This repository is only a test for Course IDS 706 miniproject1, "creating a template in github". It incorporates various tools and libraries to support the development and deployment of data engineering projects. Below, we provide an overview of each feature included in this environment.
- 'Makefile'
It is a simple way to define and execute frequently used commands for automation. Here's a breakdown of what each target does:
* 'Pytest': Pytest is a testing framework for Python. It allows you to write and run tests to ensure the correctness of your code. In data engineering, it's essential to validate the accuracy and reliability of your data pipelines and transformation processes.
* 'Pylint': Pylint is a code linter for Python. It helps ensure your code adheres to coding standards and best practices, which is crucial for maintaining code quality in a collaborative environment.
* 'test': This target runs your test suite using pytest. It provides verbose output (-vv), calculates code coverage (--cov=main), and specifies the coverage report generation directory (--cov=mylib). It's a good practice to ensure your code is tested thoroughly.
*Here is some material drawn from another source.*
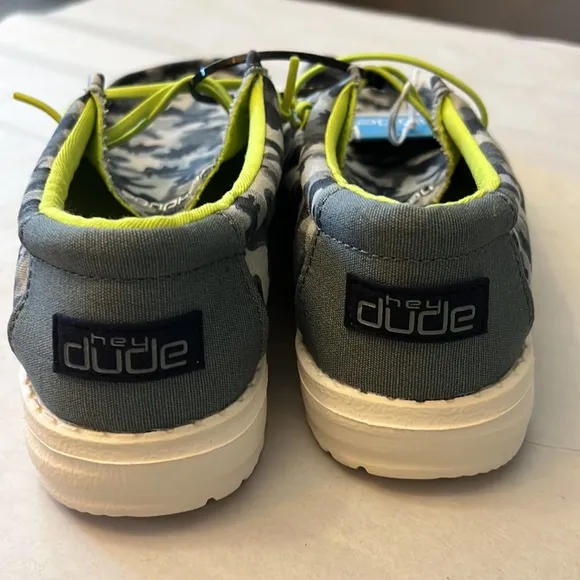 Hey Dude Wally Youth Blue Camodino Shoes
* 'format': This target formats your Python code using black, a code formatter. Consistent code formatting enhances code readability and maintainability.
* 'lint': This target performs code linting using pylint. It disables specific lint checks (--disable=R,C), ignores certain files (--ignore-patterns=test_.*?py *.py mylib/*.py), and checks for code quality and adherence to coding standards.
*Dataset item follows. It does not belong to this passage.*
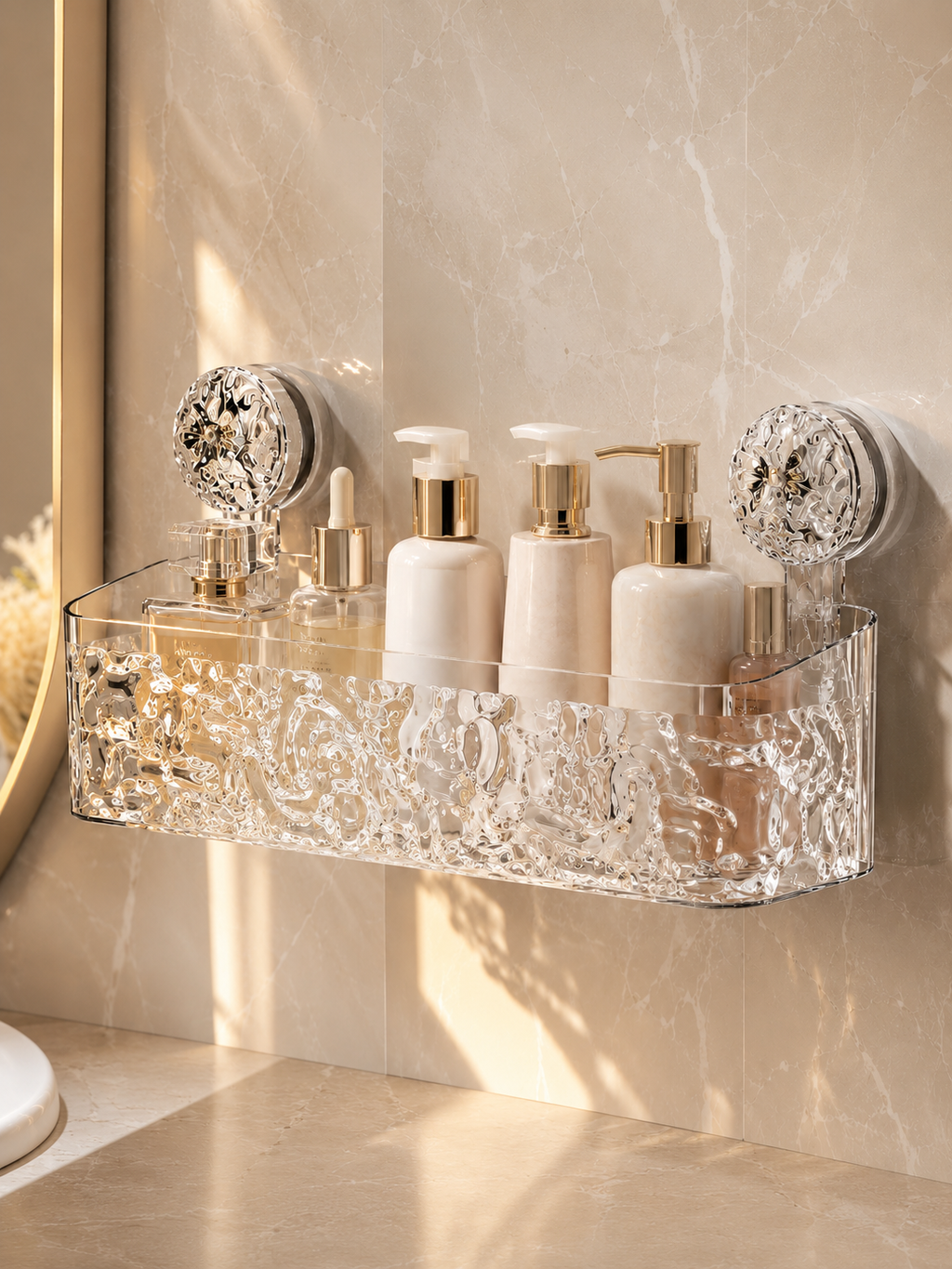 No drill-Adhesive Wall Mounted Bathroom Storage Basket – Suction Cup Shower Organizer Rack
* 'container-lint': This target runs hadolint, a Dockerfile linter, to check the quality and adherence to best practices of your Dockerfile.
* 'refactor': This target combines the format and lint targets. It's a convenient way to ensure your code is well-formatted and linted before further actions.
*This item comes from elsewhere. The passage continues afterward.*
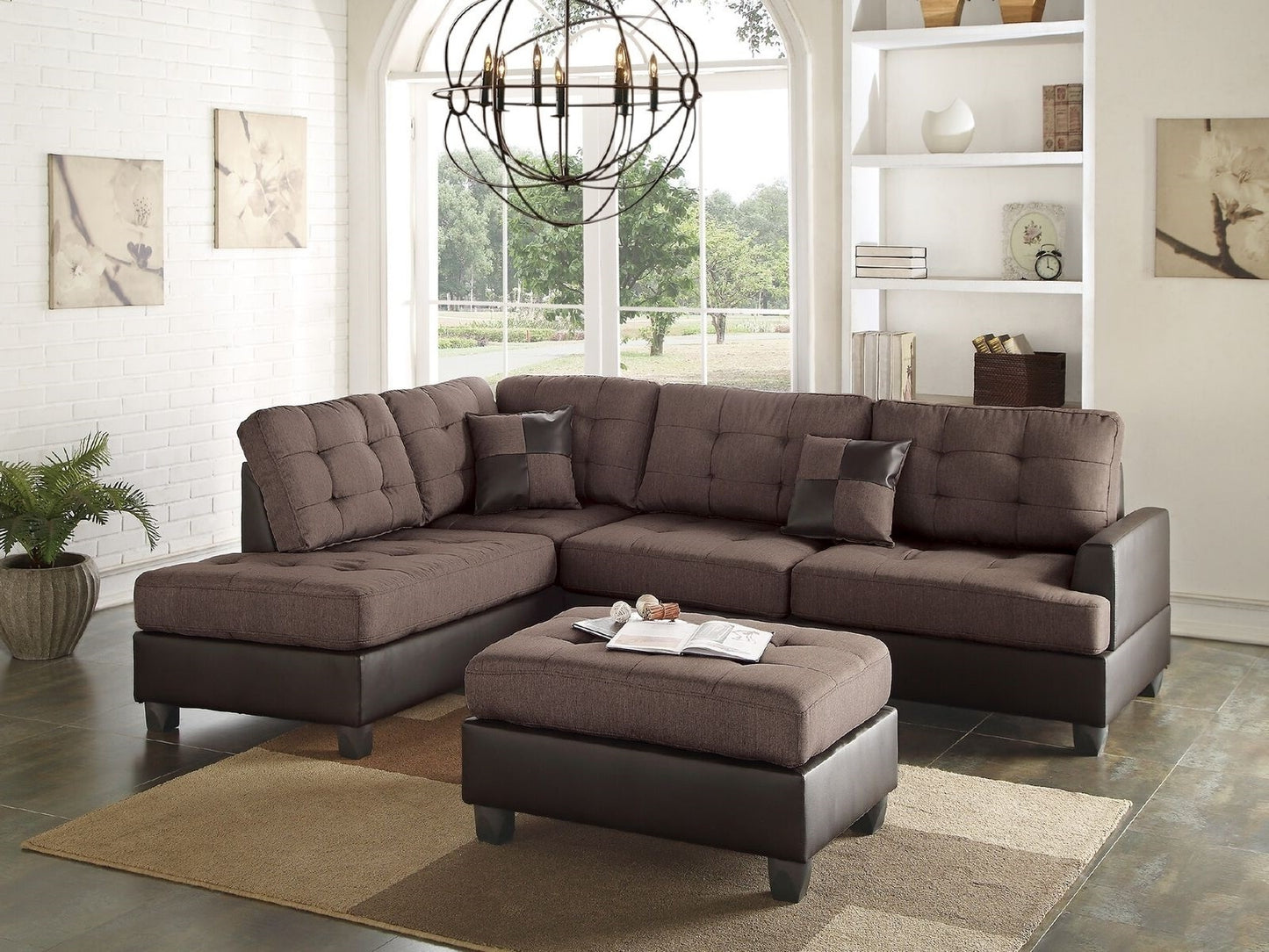 Lucia 3pc Sectional Polyfiber Cushion Sofa Set - Chocolate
* 'deploy': This target is a placeholder for deployment-related actions. You can customize it to perform tasks like deploying your data engineering project to a production environment.
* 'all': This target defines the default build process for your project. It specifies that when you run make all, it should execute the install, lint, test, format, and deploy targets in that order.
## To use this Makefile,
1. open your terminal
2. navigate to your project directory
3. run the desired command using make.
For example, I can install dependencies by running 'make install', run tests with 'make test', or format my code with 'make format'.
** Also I need make sure I have the required tools (pytest, black, pylint, hadolint, etc.) installed in my development environment to use this Makefile effectively.
-
'GitHub Actions'
I set up workflows to automate tasks such as running tests, installing package, linting code, formatting code and deploying my data engineering projects. It helps ensure that code is continuously integrated and tested as I make changes with the 'cicd.yml' file.
-
'Dokerfile': I made this configuration well-suited for a data engineering or development environment where I need Python, Docker, GPU support (NVIDIA CUDA), Jupyter notebooks, and code linting/formating tools like Pylint, Black, and others. It also includes extensions for GitHub integration and Makefile support. Make sure to provide the necessary setup instructions and scripts in my "setup.sh" file to complete the environment setup.
Overall, this environment is aim to make data analytics workstream more efficient and automated.